There, I presume, the conversation is going like this. Hey, there’s only one geezer at that table, but there’s more than one plate of food on this tray. Heads go together. Paperwork is examined. The food eventually returns. Is deposited. No meaningful words exchanged.
Out there birds twitter, in here visitors happily chatter, dishes gently clatter and all once again is well with the world.
Now, are you thinking the remodelling of a global treasure like The Burrell has provided the opportunity to do what many other museums have recently done and open an exciting, say cutting edge, possibly even fine dining – gasp – independent restaurant befitting the surroundings?
Think again. It hasn’t. This is run by some giant corporate blandorama entity; looks like Baxter-Storey from a quick internet search.
But we won’t hold that against the council. The Burrell Collection after all, even in the 21st century, remains magnificently free to visit and bills have to be paid.
And you know what? Okay, there are no menus on the tables, or apparently anywhere, the system is all superimpersonal, but the counters are laden attractively with scones and bakes. They’re even offering grown up food.
And, yes, someone has resisted the temptation to implement tourist rip-off pricing. I am actually taken aback not just at the size of the plates – are these pizza platters by the way – but the fact they are completely filled.
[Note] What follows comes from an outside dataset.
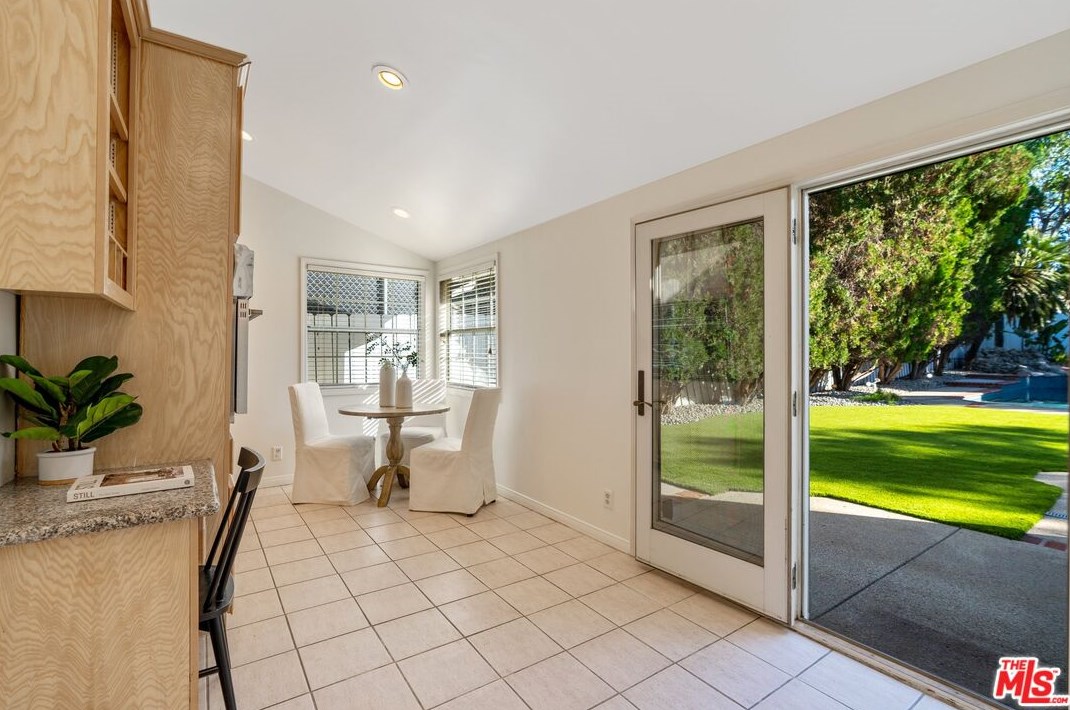 18128 Erwin St, Los Angeles CA  91335-7146 exterior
A Chicken Caesar (£10) is laden with substantial pieces of marinated (slightly) breast meat, sun-dried tomatoes, parmesan, hunky croutons and fresh cos lettuce. Okay, it’s not culinary rocket science, but it’s clean, crisp and fine. I make it three boiled egg halves, ooft, adorning the tuna Nicoise
mountain; all fresh rocket, more of those sun-dried tomatoes, capers, marinated red onion and, chunky-monkey potato halves.
At first, I think, hmm, this is going to be pretty tasteless but actually every inch of its gargantuan slopes are dressed properly in lemon and olive oil.
Yes, the Pad Thai arrives too in similar value proportions and looks the business though, if I was Baxter-Storey or whoever, I wouldn’t be boasting about the house spiced peanut sauce. It’s bland. Skin-on fries at £3.50, soup at a fiver. Crikey, it’s all keenly priced and undoubted value. Who would of thought it?